Your wife is exhausted, but you suspect she is using the demands – and the escape from adult relationships – that motherly love affords to sidestep your needs. Yet you have stood by her during stressful times that, you suspect, counselling hasn’t solved.

Andrew Marshall, a psychotherapist, often sees people who've had counselling for the emotional impact of sexual assault but have been given no help about returning to being sexual with their loving partner. "Frequently, their partner has not had the chance to talk about his upset, either, and his fears of upsetting or hurting his partner," he says.

When walking on eggshells with your wife, an affair may be tempting.

Your mutual respect for one another stops you. Despite dealing with depression, motherhood and then sexual assault, your wife is a “wonderful mother”, which shows how well she has coped.

But your bottom line is different from hers, it seems. To be happy you need sex.
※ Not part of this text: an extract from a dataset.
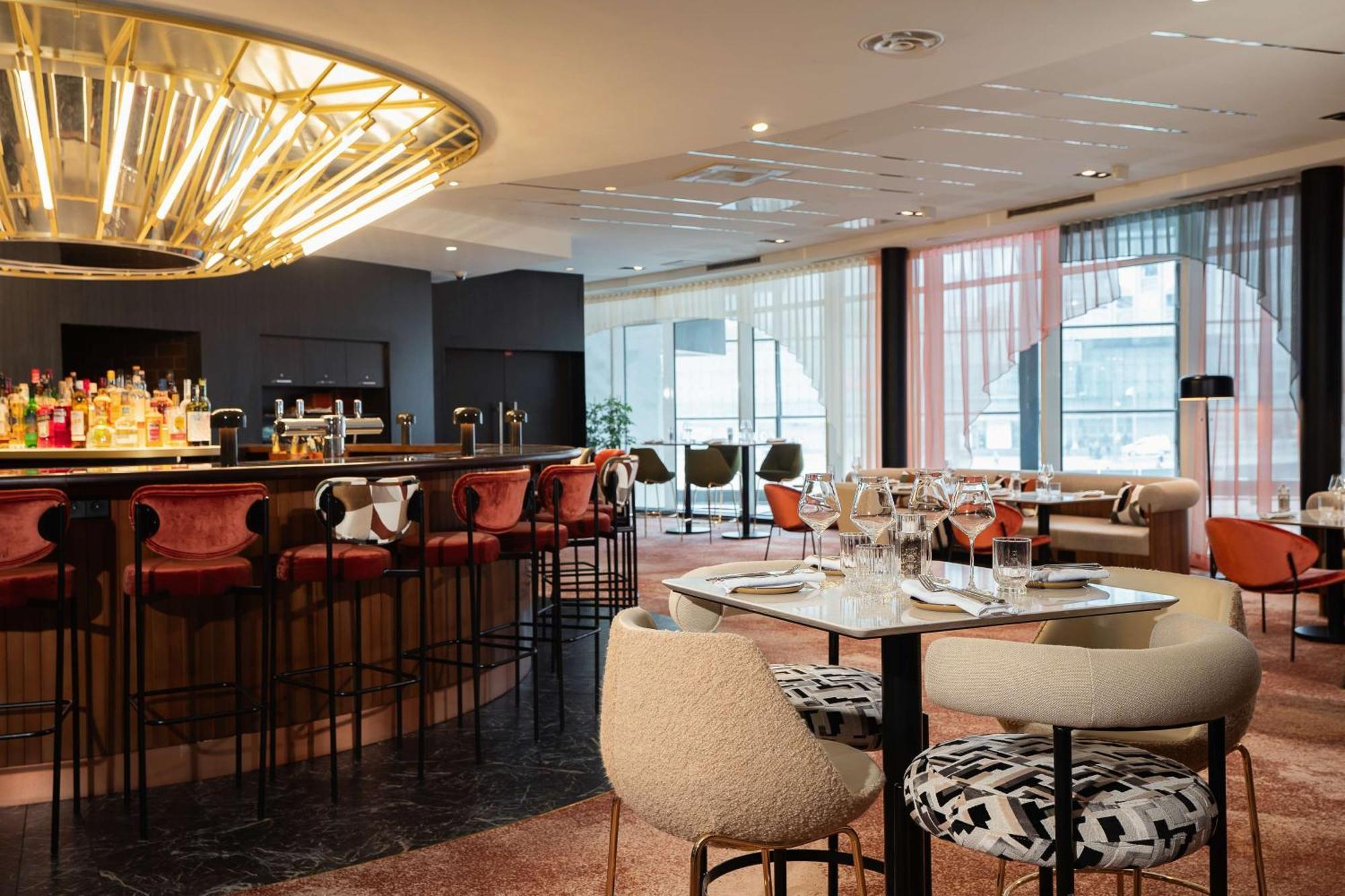 Hilton Paris La Defense Hotel Пюто Екстериор снимка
She doesn’t seem to, or is repressing that need.

“Nobody should be pressured into having sex they don’t want, but at the same time nobody should have to do without the sex they do want,” says Marshall, who has written several self-help books about sexual relationships.

“What’s important is that you talk about it rather than avoiding the topic – by sneaking up to bed late. Unfortunately, sex is really difficult to talk about, especially with your partner, as it can easily come across as criticism. So it is really important that you address everything in the positive: ‘I love you, and I really enjoy it when we make love. How is it for you?’ ”

You need to find out why sex has become more difficult for you as a couple. Maybe it is just tiredness on the part of your wife, in which case she may need more support with the children and in the kitchen. Just a thought.

You seem to have fallen into an all-or-nothing trap, where each of you stays on your side of the bed – for other people this may even mean staying out of the bed entirely – for fear of sending wrong signals.

"But kissing and cuddling, as a joy in its own right, without leading to sex, may still be possible if you can find a way of suggesting this," says Marshall, whose book Make Love Like a Prairie Vole has a step-by-step guide to becoming intimate again.

Sex in a marriage seems to become more difficult as time goes on for many reasons: boredom, repressed anger, psychological issues, fatigue.

Couples counselling could also help, but you must let go of feeling “greedy” and “doomed” to 40 years in the sexual desert.